### [Assignment]
Please give the whole listing again exactly, without any of its pictures.

### [Supplied data]
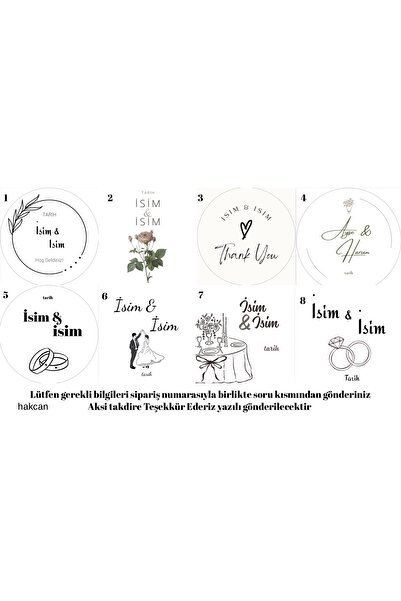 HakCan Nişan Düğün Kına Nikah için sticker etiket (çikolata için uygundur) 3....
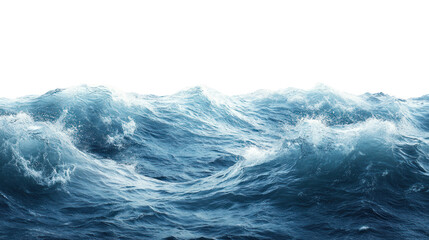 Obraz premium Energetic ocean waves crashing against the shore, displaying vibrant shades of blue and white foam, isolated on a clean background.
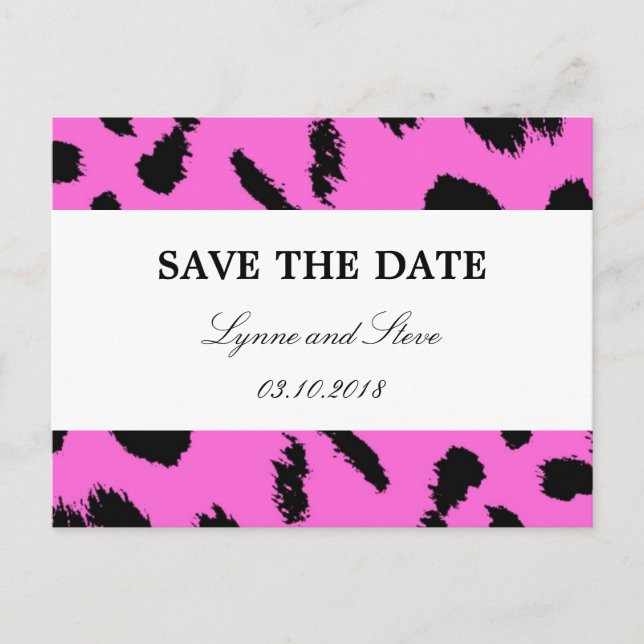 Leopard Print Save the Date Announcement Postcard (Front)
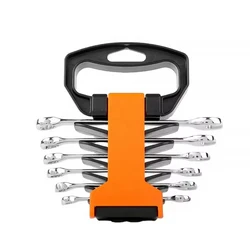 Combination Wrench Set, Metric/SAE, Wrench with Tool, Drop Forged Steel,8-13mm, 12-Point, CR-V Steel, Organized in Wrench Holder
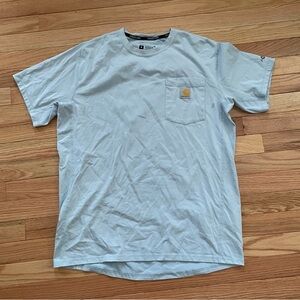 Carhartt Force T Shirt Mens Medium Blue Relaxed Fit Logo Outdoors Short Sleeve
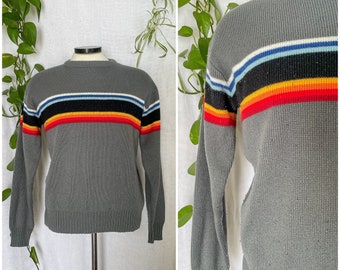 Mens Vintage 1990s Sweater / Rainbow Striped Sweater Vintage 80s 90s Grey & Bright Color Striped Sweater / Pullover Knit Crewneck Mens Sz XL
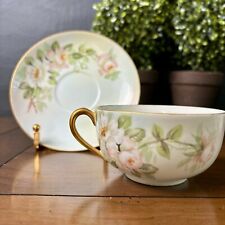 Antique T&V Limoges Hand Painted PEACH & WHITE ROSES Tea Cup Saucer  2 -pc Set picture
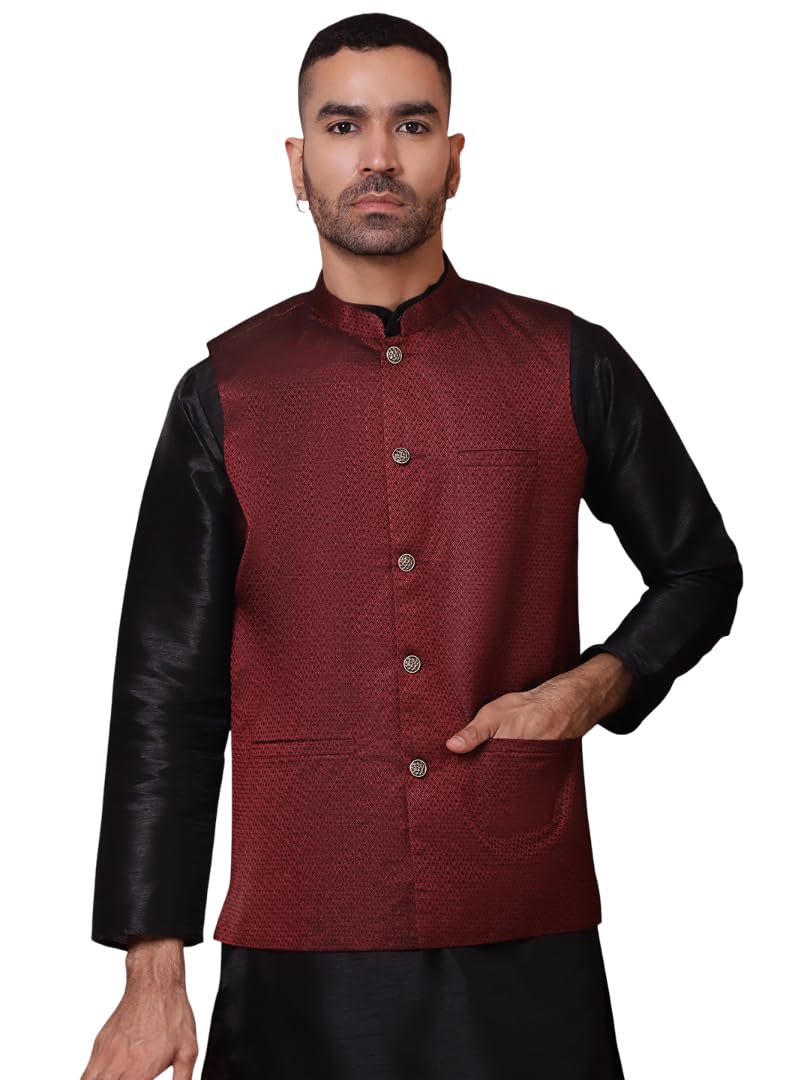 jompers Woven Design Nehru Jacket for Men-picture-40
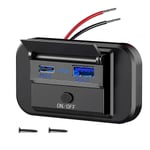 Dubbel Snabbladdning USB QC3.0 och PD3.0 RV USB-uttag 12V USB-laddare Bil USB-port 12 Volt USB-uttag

### [Answer below]
 HakCan Nişan Düğün Kına Nikah için sticker etiket (çikolata için uygundur) 3....
 Obraz premium Energetic ocean waves crashing against the shore, displaying vibrant shades of blue and white foam, isolated on a clean background.
 Leopard Print Save the Date Announcement Postcard (Front)
 Combination Wrench Set, Metric/SAE, Wrench with Tool, Drop Forged Steel,8-13mm, 12-Point, CR-V Steel, Organized in Wrench Holder
 Carhartt Force T Shirt Mens Medium Blue Relaxed Fit Logo Outdoors Short Sleeve
 Mens Vintage 1990s Sweater / Rainbow Striped Sweater Vintage 80s 90s Grey & Bright Color Striped Sweater / Pullover Knit Crewneck Mens Sz XL
 Antique T&V Limoges Hand Painted PEACH & WHITE ROSES Tea Cup Saucer  2 -pc Set picture
 jompers Woven Design Nehru Jacket for Men-picture-40
 Dubbel Snabbladdning USB QC3.0 och PD3.0 RV USB-uttag 12V USB-laddare Bil USB-port 12 Volt USB-uttag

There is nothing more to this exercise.